Czując się wyróżniona, pochłaniałam więc kolejne wspomnienia – szkolne lata, męska przyjaźń, młodzieńcze fascynacje literackie, buntownicza postawa wobec historii, później czas studiów i całe to inicjacyjne preludium dorosłości. Pierwsza dziewczyna, a na horyzoncie zapowiedzi rewolucji obyczajowej. Pierwszy seks i pierwsze rozczarowanie. Szalona podróż po Ameryce i nagła wiadomość o samobójczej śmierci dawnego przyjaciela. Później jeszcze szybka wzmianka o żonie, dziecku, hipotece, rozwodzie, wnukach i kilka zdań o życiu emerytowanego historyka – krótko mówiąc: przeciętnie, ale całkiem sympatycznie.
Poruszona i rozczarowana natomiast zamykałam okładkę książki.

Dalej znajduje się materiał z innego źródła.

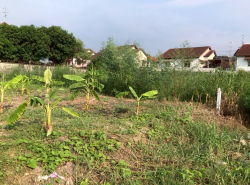 อสังหาริมทรัพย์ - ที่ดิน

Rozczarowanie nie miało nic wspólnego z kunsztem autora, ponieważ Barnes, jak to…Barnes – wywołuje mocniejsze bicie serca nie tylko tym, co pisze, ale także tym, jak to robi (wtrącona drobiazgowa analiza frytek w kulminacyjnym momencie fabuły to tylko jeden z przykładów). Rozczarowanie było zakorzenione w sympatii do pana Webstera z pierwszych siedemdziesięciu stron. Ten sam bohater (jednocześnie narrator) zmuszony zostaje do przeprowadzenia z perspektywy czterdziestu lat wnikliwej, szczegółowej analizy własnych szczeniackich doświadczeń. Katalizatorem przedsięwzięcia stają się kolejne związane z tajemniczym spadkiem dokumenty, które trafiają w jego ręce.
Okazuje się, że bezkrytyczne zaufanie do własnych wspomnień to rodzaj naiwności, by nie powiedzieć – pychy. Pamięć genialnie tworzy fikcje, ale czas obnaża słabości tworzywa, najboleśniej zaś to, co ukryte pod pozorami tworzonymi na nasz własny użytek. Niespodziewanie pojawiają się w pełni wiarygodne dowody – choćby pisane ręką Webstera listy, stare fotografie. Wraz z nimi powracają strzępy zakurzonej pamięci, fakty upchnięte do ciemnych szaf i zamknięte na klucz przez superego – przez własną instancję wartości moralnych, ich reprezentację i rezerwuar wzorów, do których człowiek stara się równać. Nie tylko czytelnik jest więc rozczarowany: sam bohater wyznaje, że życie ostatecznie rozczarowuje, boleśnie weryfikuje nasze zdanie na własny temat. Próbując odzyskać zapisaną w testamencie własność, Anthony w efekcie odzyskuje porażającą prawdę o własnej przeszłości. Nieuniknione staje się uporządkowanie samoświadomości i reinterpretacja misternie budowanej własnej filozofii pamięci. W tym miejscu automatycznie nasuwa się skojarzenie z cyklem W poszukiwaniu straconego czasu Marcela Prousta – i jest to skojarzenie uzasadnione. Świadoma autokorekta wspomnień, po bolesnej weryfikacji, prowadzi do równie bolesnego katharsis.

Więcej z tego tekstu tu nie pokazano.